Dopo la discesa dello stivale, il passaggio autorizzato dal Papa attraverso lo Stato della Chiesa e le prime conquiste, don Carlo entrò a Napoli il 10 Maggio 1734, festeggiato dal popolo stanco della dominazione austriaca e dai nobili, i quali vedevano rinnovate le speranze di indipendenza. Le resinstenze austriache, tuttavia, erano tutt’altro che domate, e gli Spagnoli dovettero conquistare le roccaforti una ad una: il 26 maggio ci fu la storica battaglia di Bitonto, vicino Bari, dove ancora si svolge la rievocazione degli avvenimenti dell’epoca, in ricordo del punto di avvio di una nuova prosperità per il Mezzogiorno, fino al 24 Novembre, con la caduta di Capua. Nel 1735 Carlo scacciò gli Austriaci anche dalla Sicilia, venendo incoronato Re di Sicilia il 1735, a Palermo. I due Regni saranno poi uniti anche formalmente nel 1816 dal figlio di Carlo, Ferdinando, dando vita al Regno delle Due Sicilie. A Napoli, secondo l’investitura papale, fu Carlo VII, in Sicilia Carlo III, però egli scelse di non usare nessuna titolatura perché i sovrani precedenti regnarono da un trono straniero: il Re identificò se stesso, a questo punto, semplicemente come “Carlo”.

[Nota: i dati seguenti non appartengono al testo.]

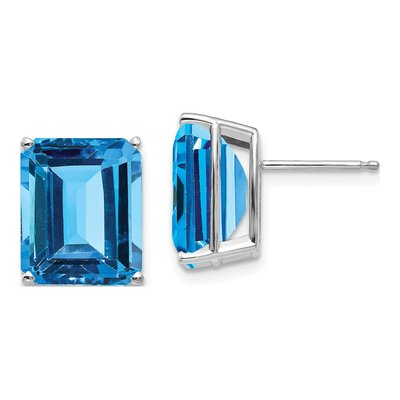 14K White Gold Emerald-Cut Blue Topaz Earring Mounting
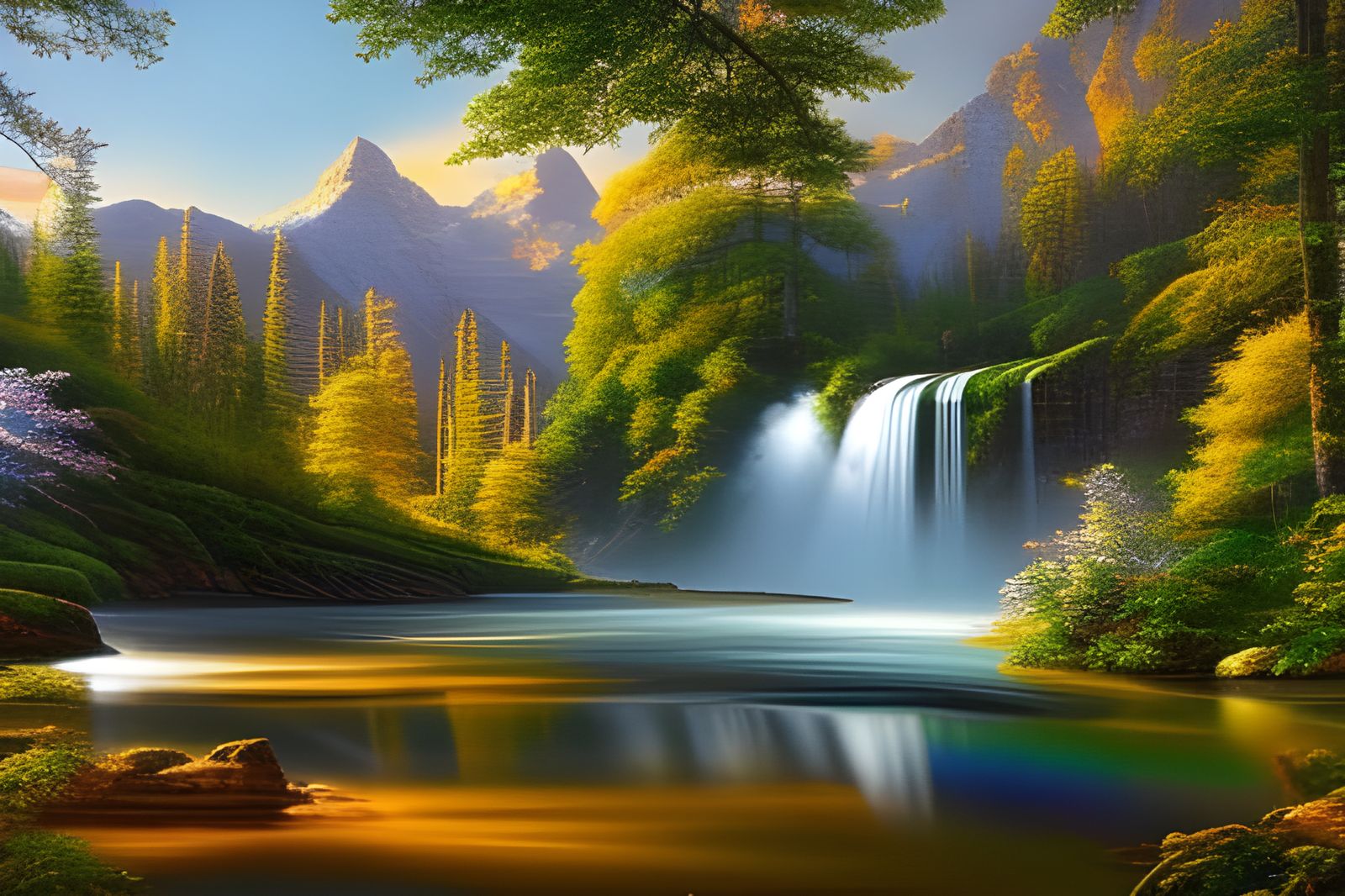 "Gorgeous hyper-detailed Canadian Cottage with Waterfalls, Mountains and wildflowers at golden hour:: masterpiece creati...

Don Carlo, il buon Re, fu un sovrano amato dal popolo e che amò il popolo, tanto che, dovendo abbandonare Napoli perché la corona spagnola nel 1759 era rimasta senza eredi, se ne andò palesemente controvoglia; in Spagna divenne Carlo III, non essendoci, questa volta, alcuna diatriba circa la numerazione. Nel frattempo Carlo aveva avviato una serie di interventi
che faranno prosperi i suoi regni, e di Napoli una delle principali capitali d’Europa. Inaugurò gli Scavi Archeologici di Pompei, Ercolano e Stabia, oltre alle costruzioni del Teatro di San Carlo, le Regge di Portici e Capodimonte, il Foro Carolino (l’attuale Piazza Dante a Napoli), la Reggia di Caserta, gli Alberghi dei Poveri a Napoli e Palermo, oltre ad altri diversi interventi in tutti i suoi territori, in particolar modo di tipo amministrativo e politico. Il riportare alla luce le città sepolte dal Vesuvio creò grande entusiasmo in tutta l’Europa, vale a dire in tutto il mondo, e Napoli divenne la meta finale e più preziosa del Gran Tour; lo stesso Re Carlo si recava spessissimo a controllare lo stato degli scavi, e portava sempre al dito un anello che aveva trovato a Pompei, l’anello che poi restituirà in quanto di proprietà del popolo napoletano, quando se ne partì per la Spagna. Imparò la Lingua Napoletana per essere in grado di capire e comunicare con il suo popolo e, secondo una leggenda, in Spagna portò con sé anche un po’ del sangue di San Gennaro.